En d’autres termes, l’UE s’apprête à affronter la Russie sur le terrain de la propagande, et ce dans l’espoir de contrer ce qu’elle considère comme “une tentative délibérée de désinformation de la part du Kremlin quant au rôle et aux objectifs de Moscou en Ukraine et ailleurs en Europe”.
Cette vaste campagne pourrait notamment inclure la production ainsi que la diffusion de divers contenus et programmes en langue russe à destination des populations russophones vivant dans les anciens États membres de l’Union Soviétique. A en croire les analystes, ces communautés auraient majoritairement tendance à s’informer par le biais des chaines de télévision russes, qui bénéficient d’un budget très largement supérieur à celui des antennes de télévision locales.
Pour l’heure, l’UE s’apprête à entamer la première phase de cette campagne de contre-propagande en créant un groupe de travail composé de chargés de relations publiques et d’experts en communication en provenance des différents pays de l’Union.
Ce dernier aura pour mission de scruter les informations relayées dans les médias russes afin d’identifier la “désinformation” et “d’émettre des corrections si nécessaire” afin de développer une “version des faits en accord avec les vues de l’UE” au travers “d’articles, d’éditoriaux, de fiches et d’infographies incluant des contenus en russe”, à en croire un document qui aurait circulé dans les arcanes du parlement européen, comme le relate Reuters. Le groupe aurait d’ores et déjà un surnom : les “Mythbusters”, rappelant fortement le célèbre site internet Hoaxbuster dont l’objectif est de démêler le vrai du faux parmi les informations diffusées sur Internet.
Cette décision est largement vue comme une réponse aux inquiétudes formulées par plusieurs dirigeants européens – en particulier ceux des États baltes, à l’instar du président estonien Toomas Hendrik Ilves.
Bien qu’ayant reçu un accueil plutôt favorable sur les réseaux sociaux, l’initiative de Bruxelles est également la cible de nombreuses critiques, comme le rapporte très justement cet article paru dans euobserver.

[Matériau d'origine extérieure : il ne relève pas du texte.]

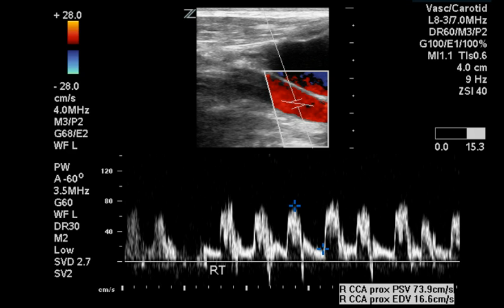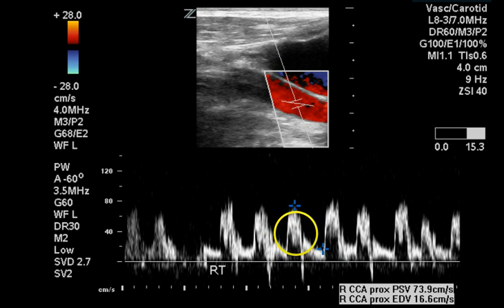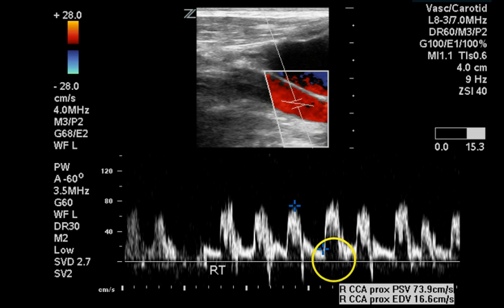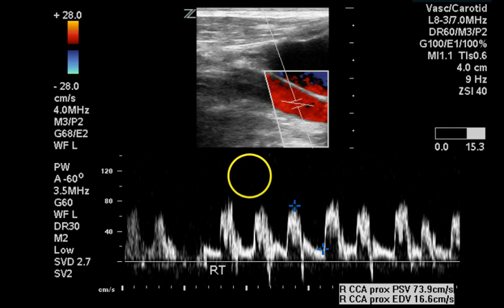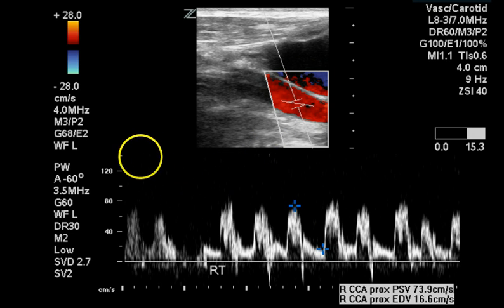This is a Doppler waveform from the proximal common carotid artery. We see a relatively normal-looking waveform with a good spectral window, a fairly deep dicrotic notch, and a fairly rapid heart rate. The angle here appears to be adjusted incorrectly — this appears to be more like a 50-degree Doppler angle or even 45 degrees, rather than 60.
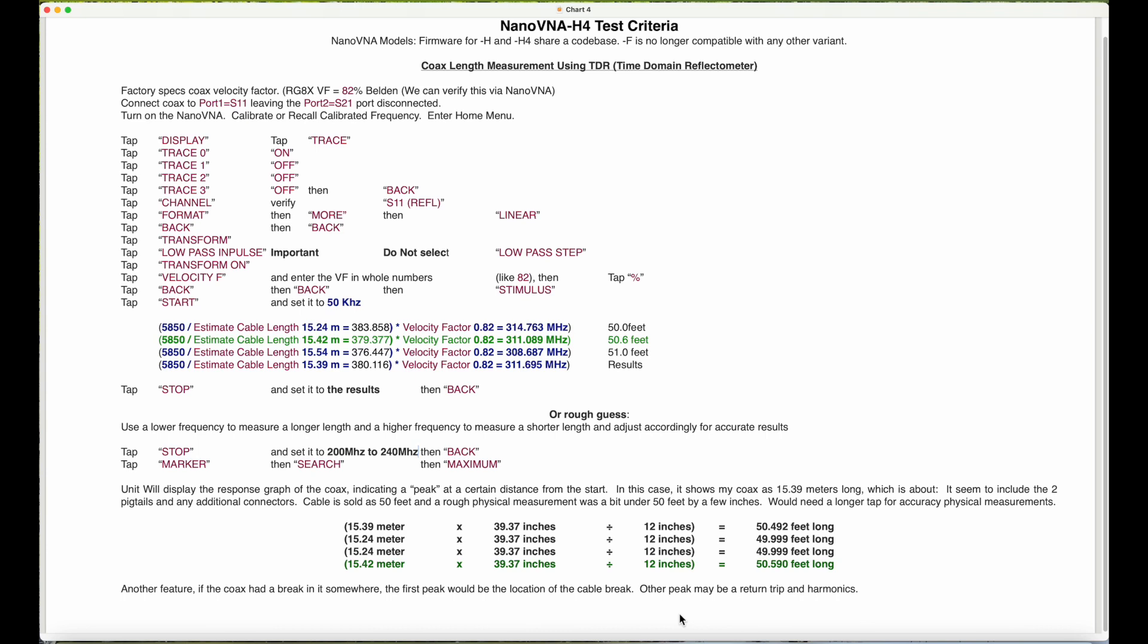So that's what we enter in the stop frequency, or if you're going to do an estimate, something in the range of 200 and 240.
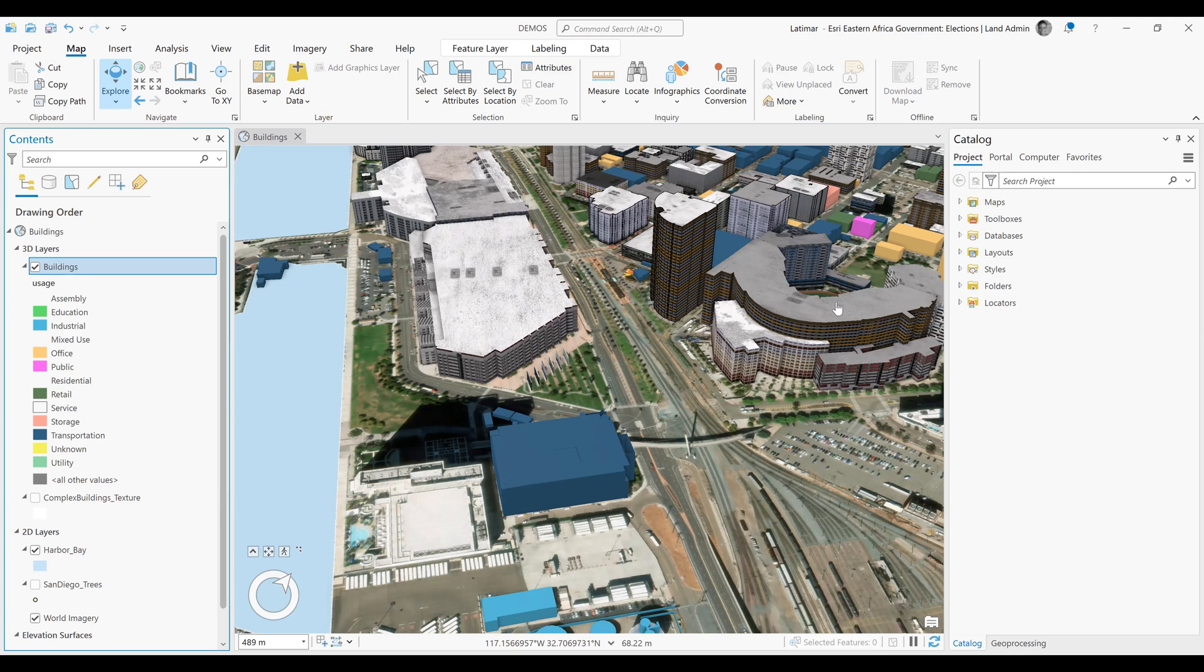Today, we're going to look at how to utilize procedural fill to symbolize our 3D objects in ArcGIS Pro. We'll start by selecting the layer of interest, which is the buildings layer.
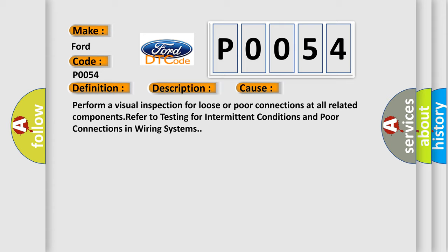Perform a visual inspection for loose or poor connections at all related components. Refer to testing for intermittent conditions and poor connections in wiring systems.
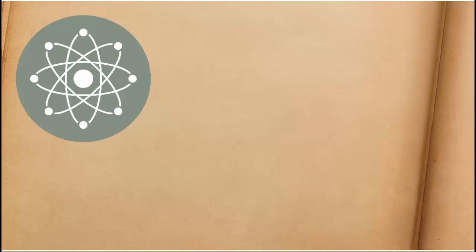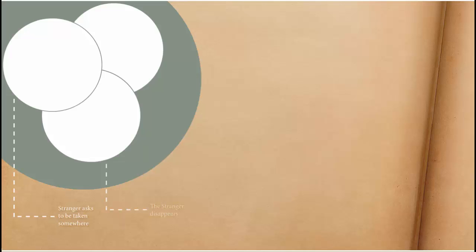So for the story of the vanishing hitchhiker, the stable core is made up of three main stages in the plot. A stranger asks to be taken somewhere. On the way there, the stranger disappears. And at the end, the driver somehow finds out the truth, that the stranger was not a living being. But then all the other details vary with almost every retelling.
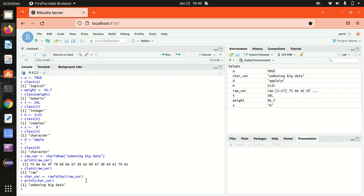So here comes the end of this video in which I have defined these six data types: raw data type, character data type, complex, integer, numeric, and logical. Rest of the content I'll be covering in the next video. Thanks for watching, guys.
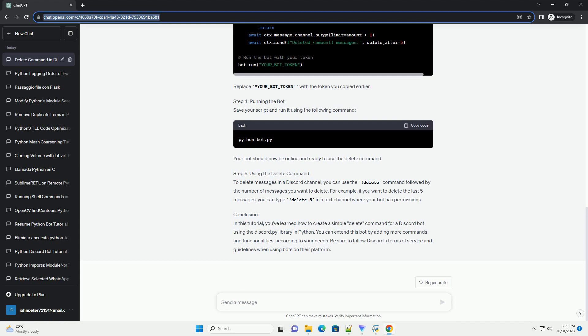Step 5: Using the delete command. To delete messages in a Discord channel, you can use the delete command followed by the number of messages you want to delete. For example, if you want to delete the last 5 messages, you can type 'delete 5' in a text channel where your bot has permissions.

En premier lieu, le timing d’une décision, que nombre de commentateurs considèrent bien trop tardive. Vient ensuite le budget et les effectifs alloués par l’UE à cette campagne (pour l’heure une dizaine de personnes et quelques millions d’euros par an), qui risquent de ne pas faire le poids face à l’impressionnante machine russe (à titre de comparaison, l’année dernière, le gouvernement russe a alloué à la chaîne de télévision publique d’information en continue Russia Today, qui emploie près de 2000 personnes, un budget dépassant les 300 millions d’euros).

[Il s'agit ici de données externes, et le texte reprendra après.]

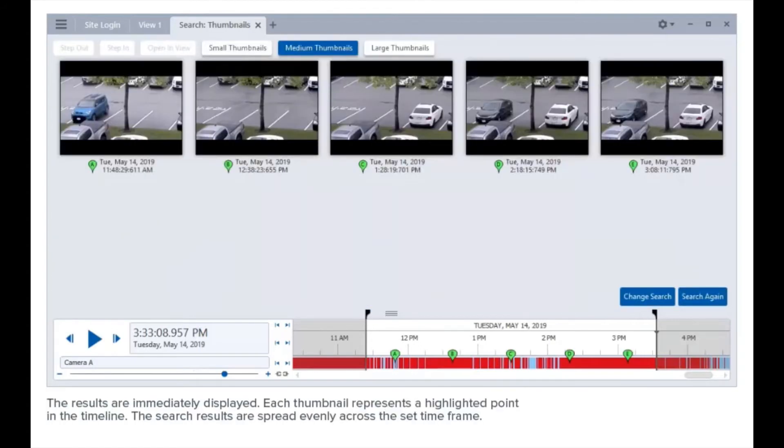The results are immediately displayed. Each thumbnail represents a highlighted point in the timeline. The search results are spread evenly across the set time frame.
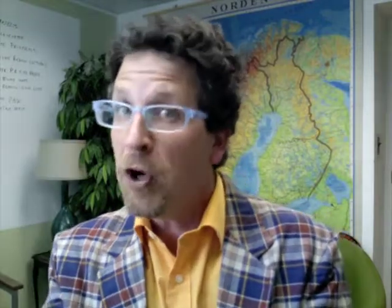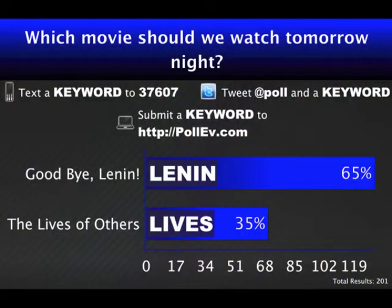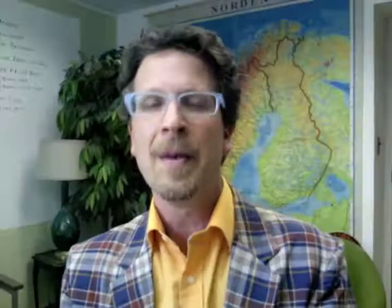Some of the things we use it for is standard polling — A or B, you like this or that, you understand this or we need to talk about this more. We also show international film in class, so we'll put up three movies and ask which film students would like to watch.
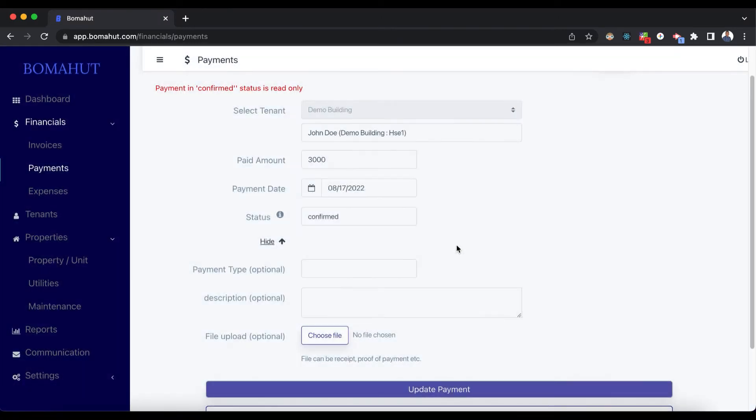Now that we have added this payment, we expect that John Doe's balance is going to be updated with both the invoice we had added and this payment, so they are going to balance.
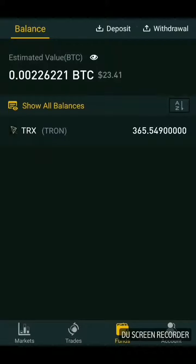For deposits and withdrawals, you will find those under the Funds section, where you can deposit and withdraw different coins. It is very simple — for depositing any coin, just click on the deposit button, then you have to select the coin.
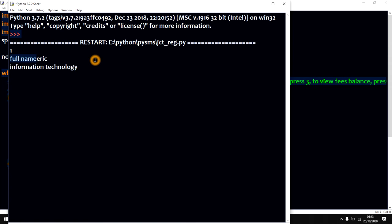Welcome to CodeStar Technology. Press 1 to register. Press 2 to make fees payment. Press 3 to view fees balance. Press 4 to exit.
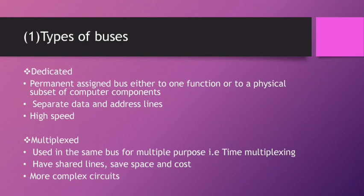Multiplexed buses are used in the same bus for multiple purposes, that is time multiplexing. They have shared lines, save space and cost, and have more complex circuits.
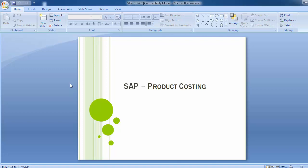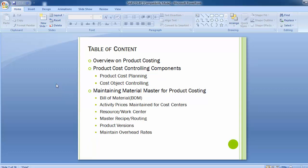Welcome to the next training session of SAP Controlling module. Today's topic is product costing. The table of content covers: overview on product costing, product cost controlling components, product cost planning, cost object controlling, and maintaining material master for product costing — including bill of material, activity prices maintained for cost centers, resources or work centers, master recipe or routing, product versions, and overhead rates.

Enfin, nombreux sont ceux à avoir fait part de leur réticence à l’idée de combattre le Kremlin avec ses propres armes. L’émergence d’une contre-propagande européenne, ayant pour but de répondre “œil pour œil” aux insinuations russes, risque en effet de se révéler contre productive, et de ternir l’image d’une Union Européenne qui peine déjà à être prise au sérieux sur le plan de la politique internationale.